WHAT THIS TASK INVOLVES: The answer should be every line below, repeated exactly, with the images left out.

Captioned web images:
==========
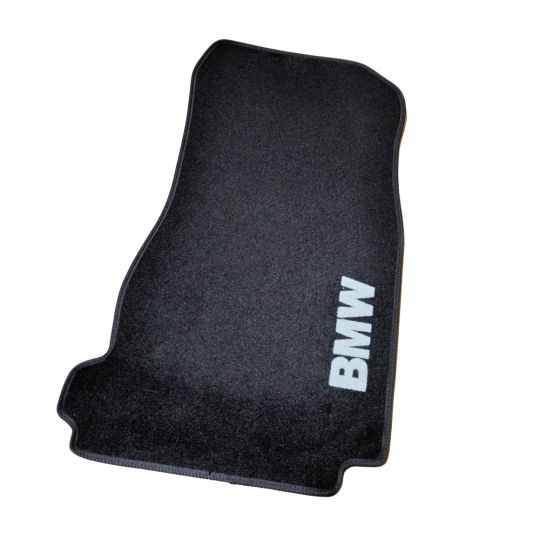 AVTM Коврики в салон текстильные BMW 7 (E38) '94-01 Черные (Комплект 5шт.)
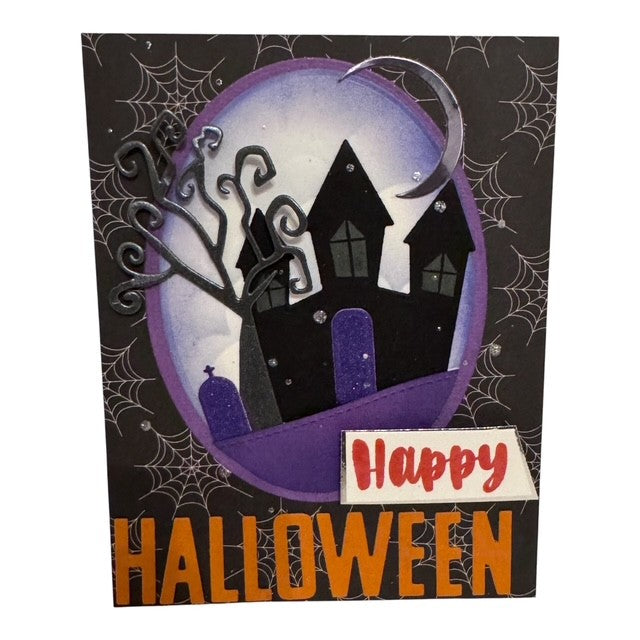 DP M STAMP & DIE HAUNTED HOUSE BUILDER KIT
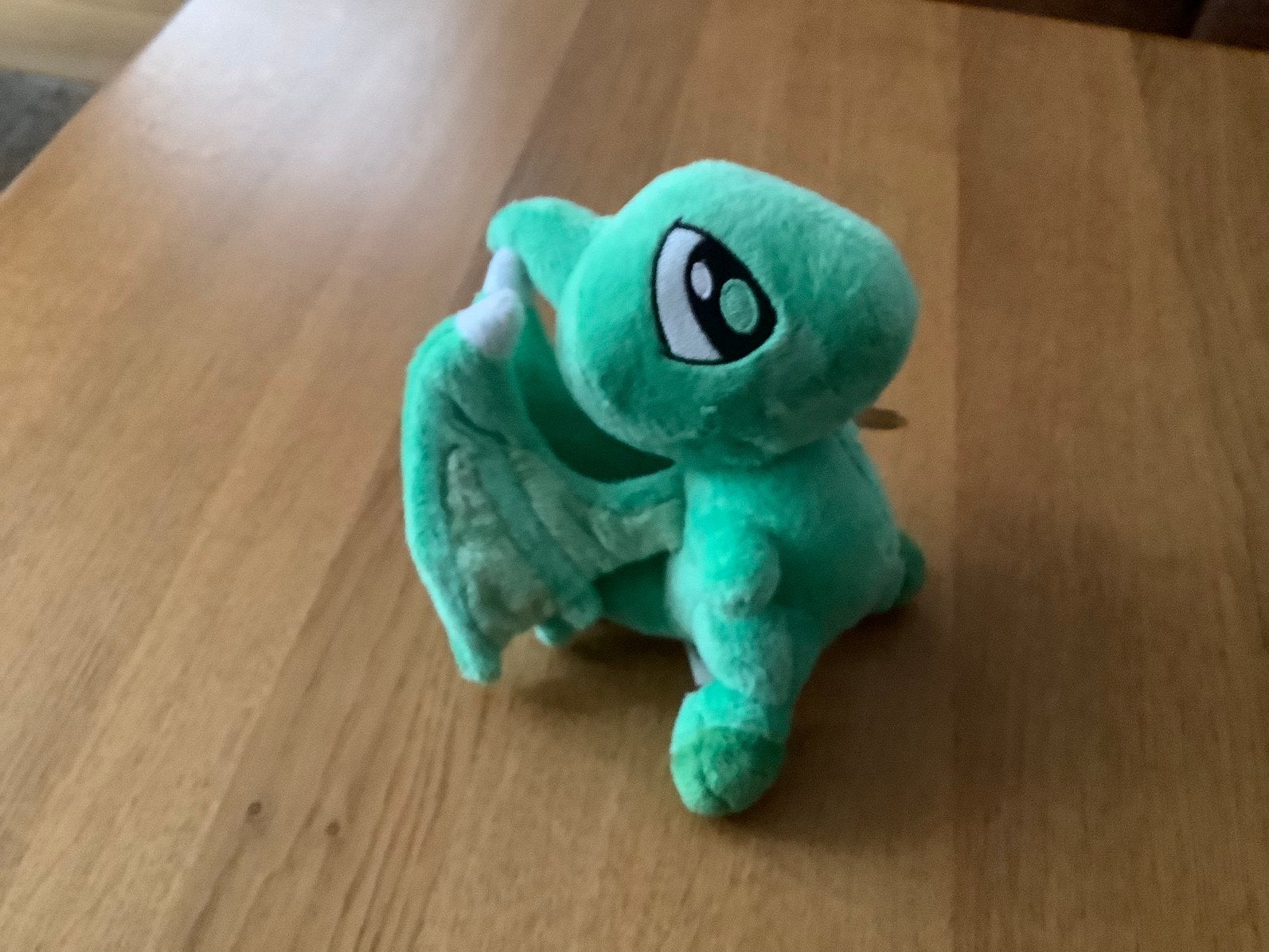 NEOPETS “ SHOYRU” nieuw, groen draakje met vleugels, knuffel, Groen, Overige merken, Overige karakters, Overige typen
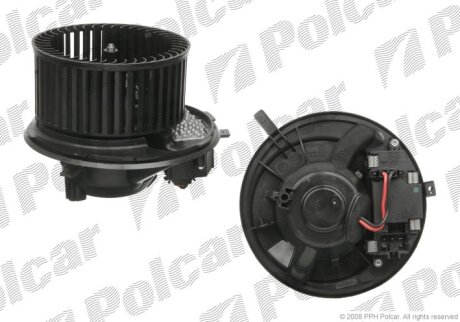 Вентилятор кабіни, AUDI/VW/SKODA/SEAT Polcar 1331NU3X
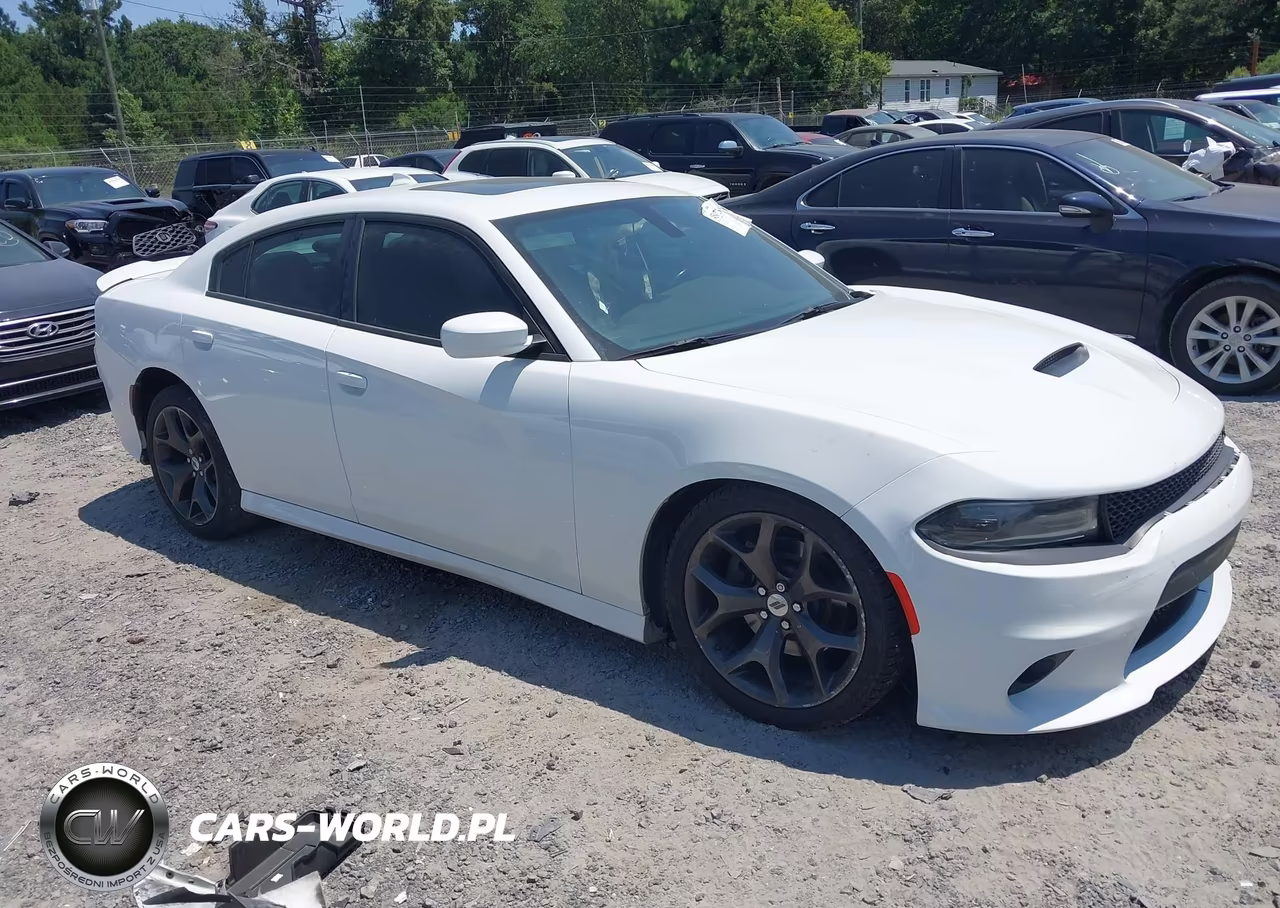 2019 Dodge Charger Gt Rwd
==========
ANSWER TO THE PROBLEM:
 AVTM Коврики в салон текстильные BMW 7 (E38) '94-01 Черные (Комплект 5шт.)
 DP M STAMP & DIE HAUNTED HOUSE BUILDER KIT
 NEOPETS “ SHOYRU” nieuw, groen draakje met vleugels, knuffel, Groen, Overige merken, Overige karakters, Overige typen
 Вентилятор кабіни, AUDI/VW/SKODA/SEAT Polcar 1331NU3X
 2019 Dodge Charger Gt Rwd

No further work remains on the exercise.